* **WHAT IS BEING ASKED**: The answer must be an exact copy of the records, with every picture removed.

(Scraped caption text data)

================================

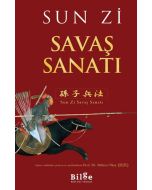 Savaş Sanatı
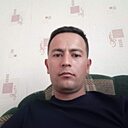 Xikmat, 38 лет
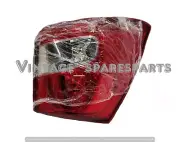 Brake Lamp Tail Light Assembly Right Fit for Suzuki S-cross 2015 to 2021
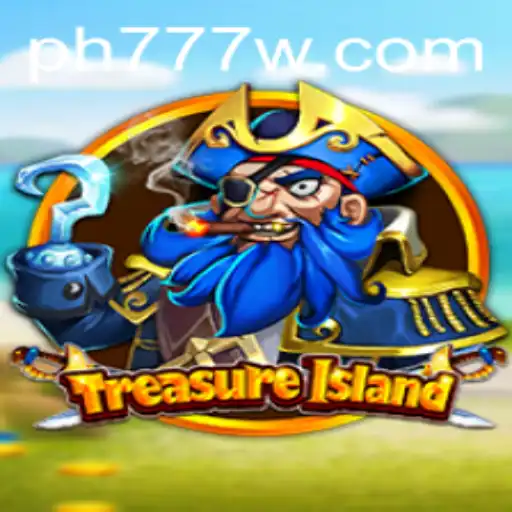 TreasureIsland: The Adventure Awaits!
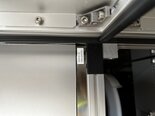 Foto Verwendet TEL / TOKYO ELECTRON Lithius Pro V Zum Verkauf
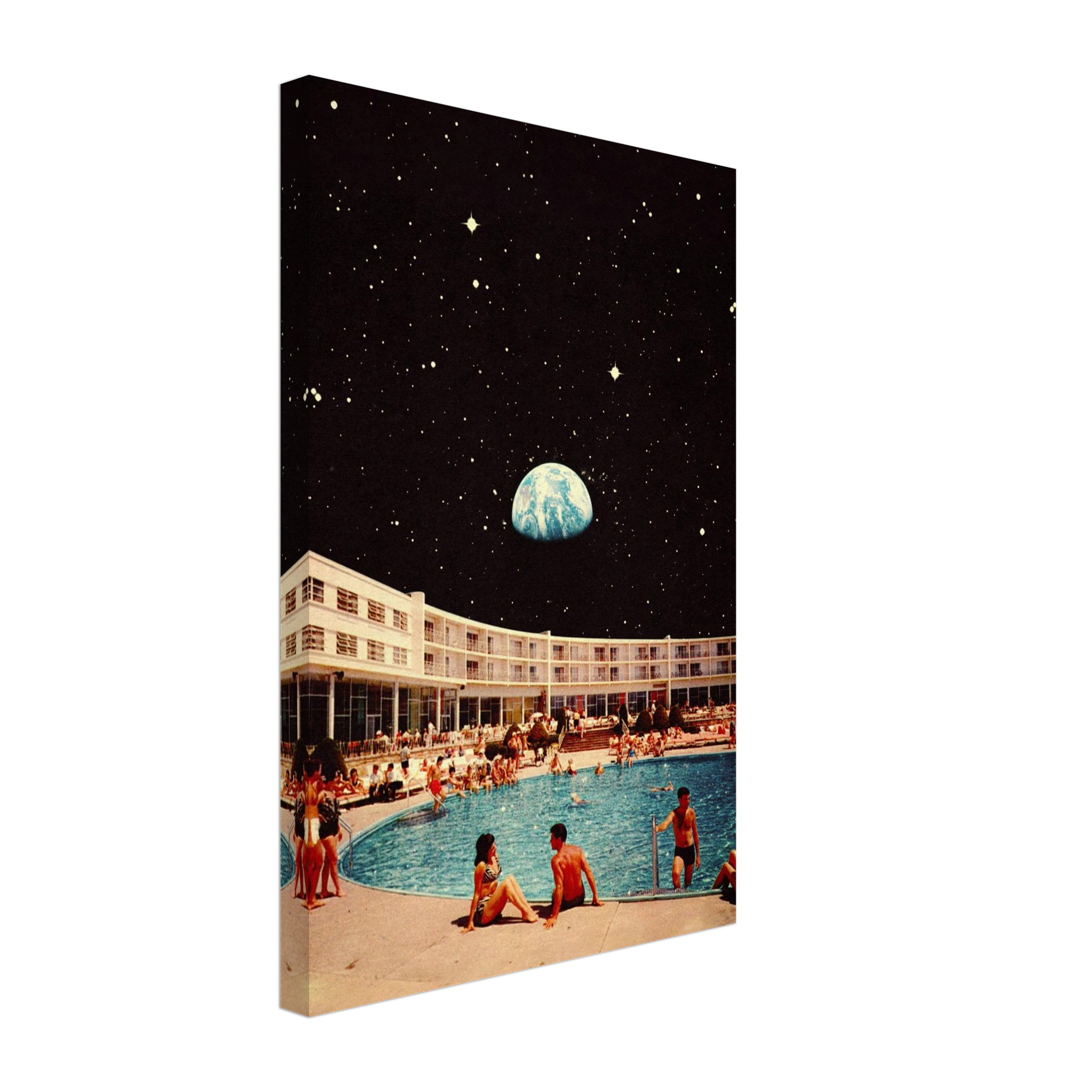 796bfa6d-7f3a-491d-a4a1-062e643c1769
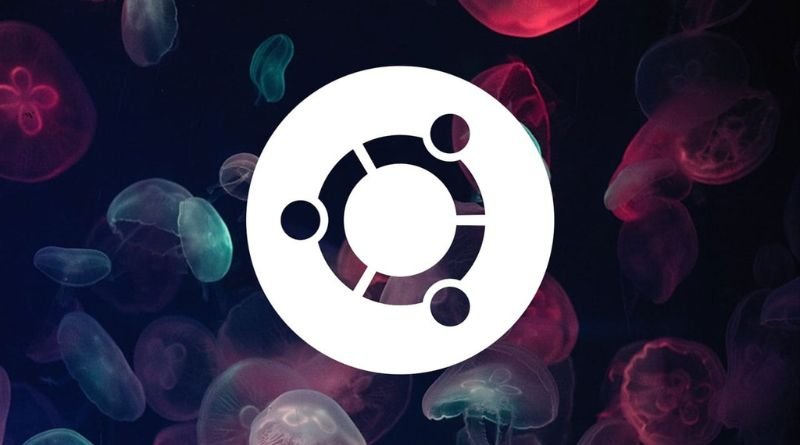 Ubuntu Unity 22.04: The Best Linux Desktop Distribution for Productivity and Elegance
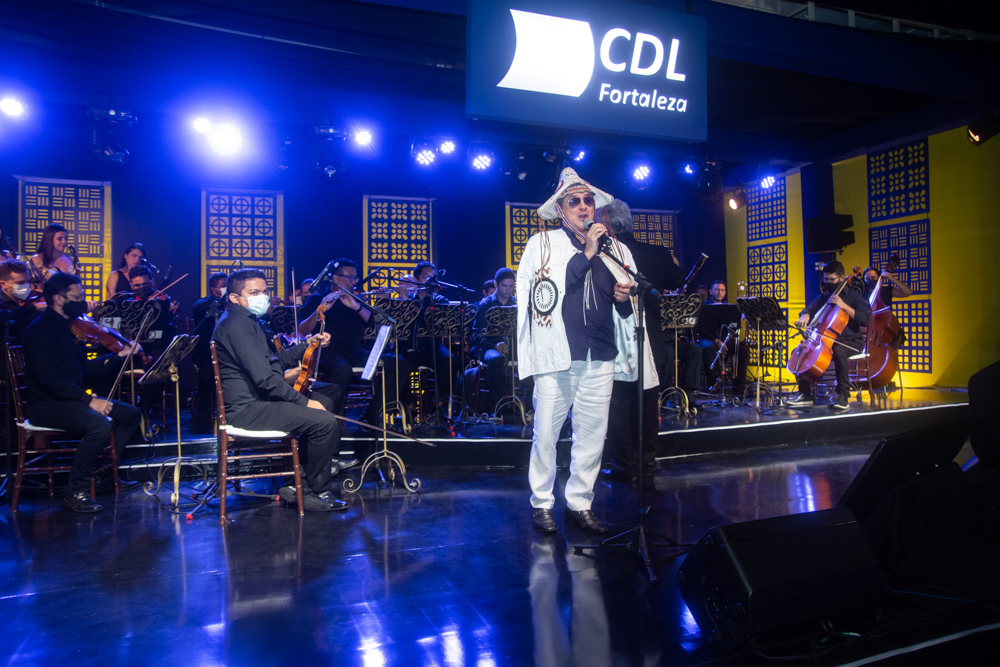 João Claúdio Moreno (2)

================================

* **THE COMPLETED TASK**:
 Savaş Sanatı
 Xikmat, 38 лет
 Brake Lamp Tail Light Assembly Right Fit for Suzuki S-cross 2015 to 2021
 TreasureIsland: The Adventure Awaits!
 Foto Verwendet TEL / TOKYO ELECTRON Lithius Pro V Zum Verkauf
 796bfa6d-7f3a-491d-a4a1-062e643c1769
 Ubuntu Unity 22.04: The Best Linux Desktop Distribution for Productivity and Elegance
 João Claúdio Moreno (2)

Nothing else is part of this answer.